By Brian Holding
January 22, 2013
I have vivid memories of visiting my grandmother at her home in Detroit during the summer of 1967. Forty three people died and 467 more were injured during the city’s violent riots that July. More than 2,000 buildings were destroyed. I remember driving with my cousin through the devastated neighborhoods where ashes still smoldered. All I could see standing as we cruised down block after charred block were brick chimneys stretching into an empty sky.

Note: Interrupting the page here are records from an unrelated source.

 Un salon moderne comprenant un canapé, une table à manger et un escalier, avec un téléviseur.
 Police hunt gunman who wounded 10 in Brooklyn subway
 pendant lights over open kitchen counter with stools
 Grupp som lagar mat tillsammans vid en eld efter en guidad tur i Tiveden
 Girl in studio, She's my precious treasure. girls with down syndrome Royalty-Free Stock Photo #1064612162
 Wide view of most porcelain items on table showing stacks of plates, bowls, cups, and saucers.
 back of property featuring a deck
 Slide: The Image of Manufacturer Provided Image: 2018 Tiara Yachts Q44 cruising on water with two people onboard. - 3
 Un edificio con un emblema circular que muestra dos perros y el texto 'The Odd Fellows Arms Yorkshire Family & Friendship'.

Now, 45 years later, those memories were revived as I read HK’s first biography, Dave Bing: A Life of Challenge. Detroit, starting the summer before the riots, becomes a prominent character in the story of Bing’s rise to greatness in the NBA and in the business world, and the city continues to shape and be shaped by Bing as he now works to rebuild Detroit as its mayor.

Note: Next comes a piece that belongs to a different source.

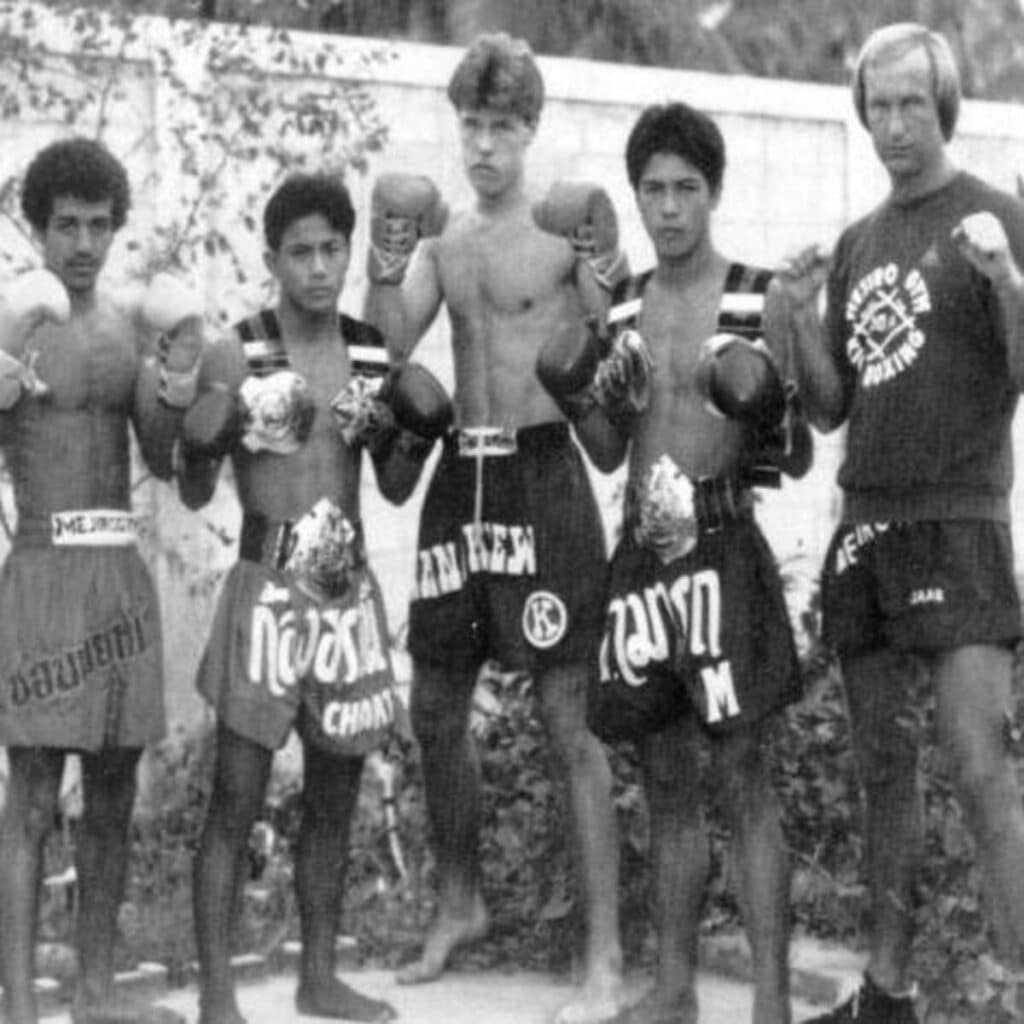 Rob Kaman (center) stands at Sityodtong Muay Thai Camp in 1982 with legendary Thai champions Kongtoranee Payakaroon (to his left) and Samart Payakaroon (to his right), alongside Miloud el Geubli (far left) and Jan Plas (far right) of Mejiro Gym.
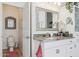 Bathroom features white cabinets, granite countertops, a decorative mirror and a view into the toilet room at 12873 N 175Th Dr, Surprise, AZ 85388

At the same time HK is branching out to publish a multitude of digital formats, we also are publishing new genres. Biographies, like Bing’s, are part of a new publishing initiative for our consumer audiences. We also plan to produce more titles on history and social issues while we continue to publish outstanding instructional resources on sport and fitness.
Our biographies will go beyond the instant book about a current hero or championship team. We want to tell the story of individuals who excel at and transcend their sports. We seek authors who can bring people’s stories, and the times in which they lived, to life. Dave Bing: A Life of Challenge works on both of those levels. Author Drew Sharp takes the reader on Bing’s journey from his early life in Washington, D.C., when he severely injured his left eye (causing permanent damage) to his achievement as an All-American at Syracuse to his leadership of the Detroit Pistons during the Civil Rights movement to his starting a steel company in the depths of a recession to his current leadership of one of America’s most troubled cities.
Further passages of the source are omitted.